1.1. Defining Data¶
In this note, we define data as any recorded information. In our application, data is used to inform business decisions. All of the following are examples of data that a company might collect:
Customer purchasing behaviors;
The demographic characteristics of customers;
Quarterly sales figures;
Tweets describing customers’ experiences with a given product;
Real-time information on the heart rate of customers wearing a smart device.

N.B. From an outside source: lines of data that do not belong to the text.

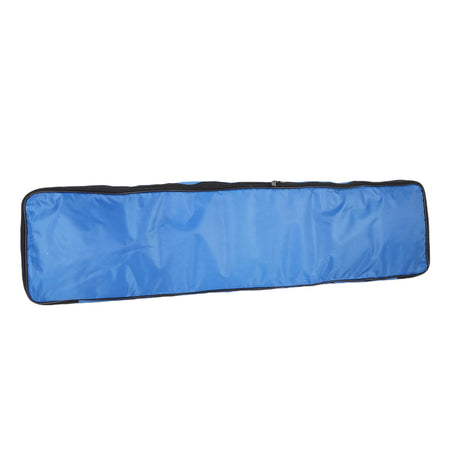 Kayak Paddle Bag Thickened Oxford Cloth &ndash; Splash Proof Blue
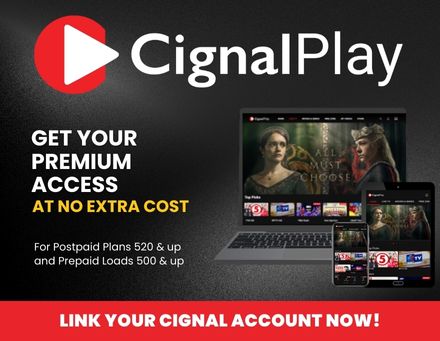 Cignal Play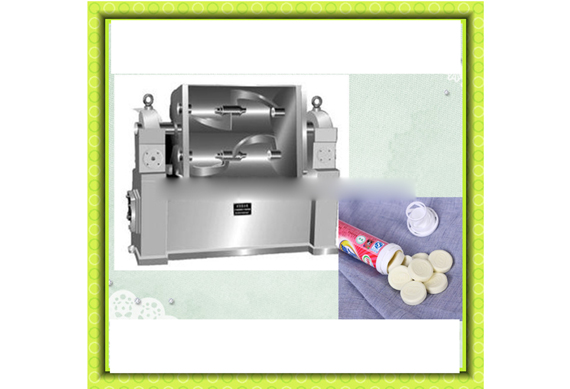 milk powder candy / milk tables / milk slices stock cubes Packing Machine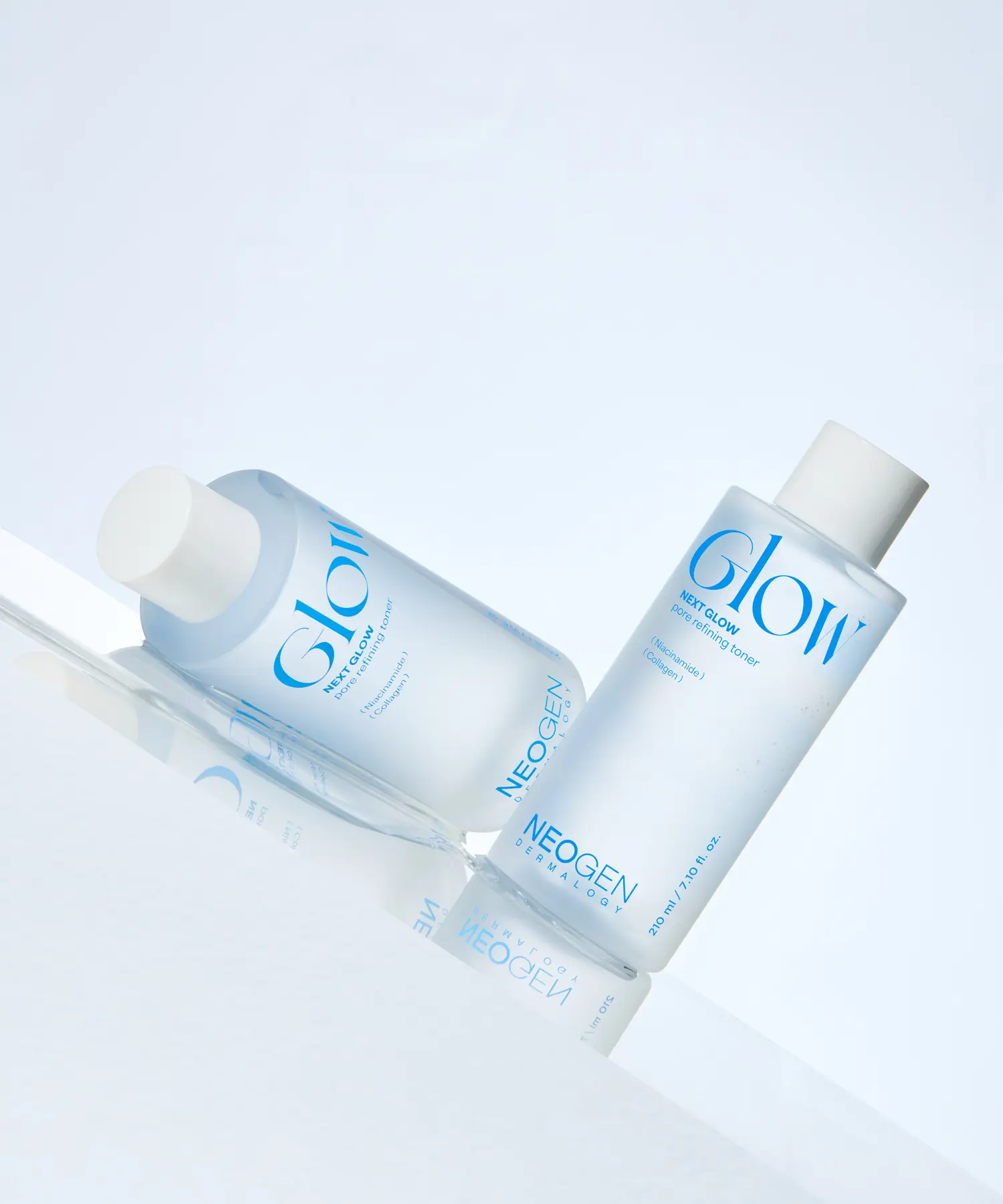 NEOGEN Dermalogy Next Glow Pore Refining Toner 210ml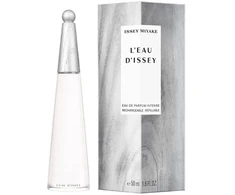 Issey Miyake L'eau D'issey Intense EDP parfumuotas vanduo moterims, 50 ml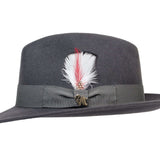 Wool Felt Hat Milano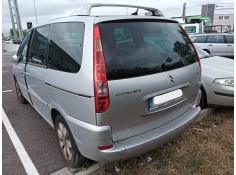 citroën c8 (ea_, eb_) del año 2005 2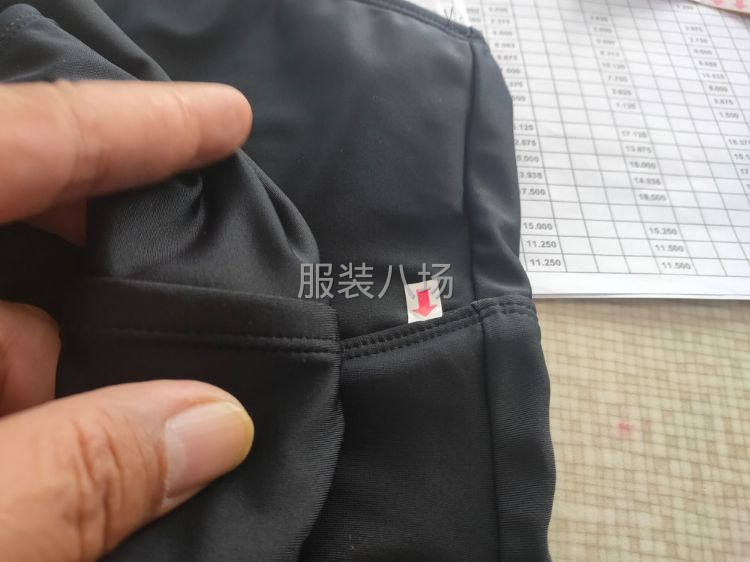 美国沃尔玛公司，招聘泳装检验员-第3张图片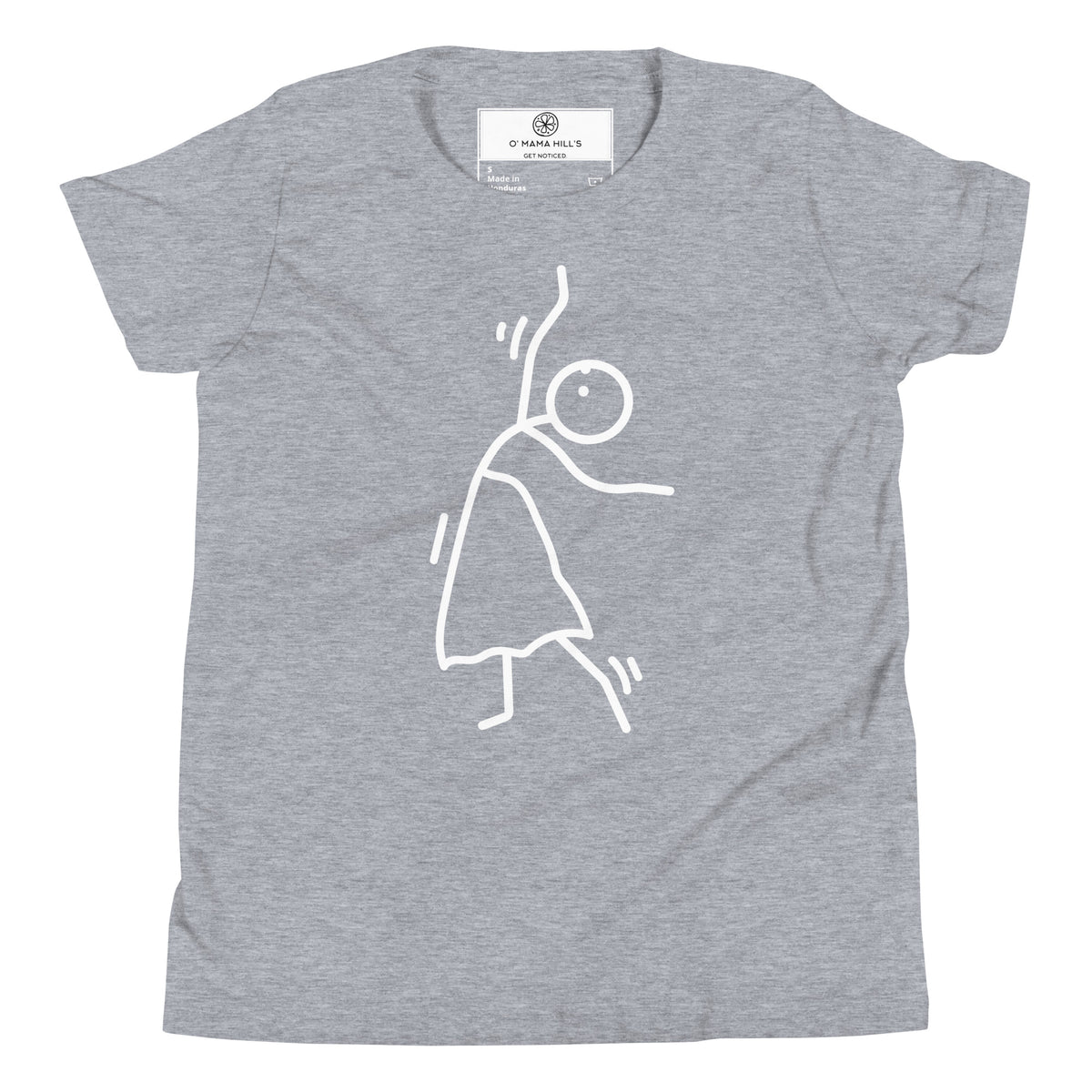 Youth Short Sleeve T-Shirt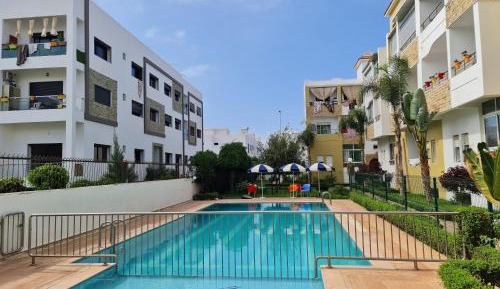 Standard Apartment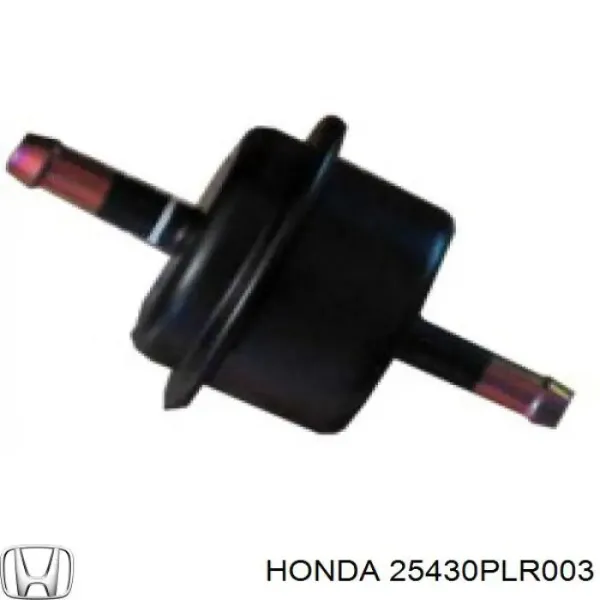 25430PLR003 Honda
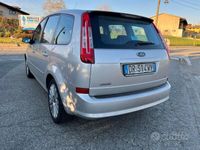 usata Ford C-MAX C-Max1.6 tdci Titanium 110cv dpf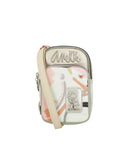Mini Bolso Mandolera sany borsa donna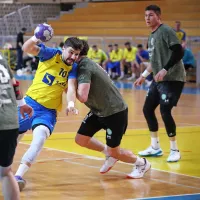 Rokometa&scaron;i Kopra v 2. krogu drugega dela lige NLB za obstanek premagali Misteral Kr&scaron;ko s 34:29 (20:12).
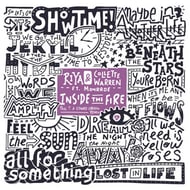Inside the Fire - Paul T & Edward Oberon Remix track artwork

The term “data” is constantly evolving and expanding; data can be anything from spreadsheets to videos and images to audio files! Nevertheless, we classify data into two main types: structured and unstructured data. Structured data refers to information that is stored in a consistent, well-defined format such that it can be analyzed without extensive processing. A basic example of structured data is an Excel file that recorded the weekly sales of widgets over several years. Conversely, unstructured data does not follow a consistent format and is stored in a way that makes it difficult to analyze without extensive processing. For example, image data, such as pictures of the lines at different registers in a grocery store throughout the day, is typically considered unstructured data. In general, structured data is much more useful for the applications covered in this note. Additionally, unstructured data can often be represented as structured data; in the previous example, we do not care about the pictures themselves so much as the waiting times of customers in the grocery store lines, which could be represented as a structured data set. Therefore, this note will focus on structured data.
The most basic form of structured data is tabular data, which is characterized by rows and columns. You are already familiar with tabular data if you have ever worked with an Excel spreadsheet. For example, in the figure below, we have a data set with information on 1,000 employees from a software company. For convenience, we only display the first few rows of the data. By convention, the observations (i.e., the employees) form the rows of the data set, and the variables (i.e., the characteristics of the employees we are measuring) form the columns. The dimensions of the data set are typically written as \(n x m\) (read as “n-by-m”), where \(n\) is the number of observations (or rows) and \(m\) is the number of variables (or columns).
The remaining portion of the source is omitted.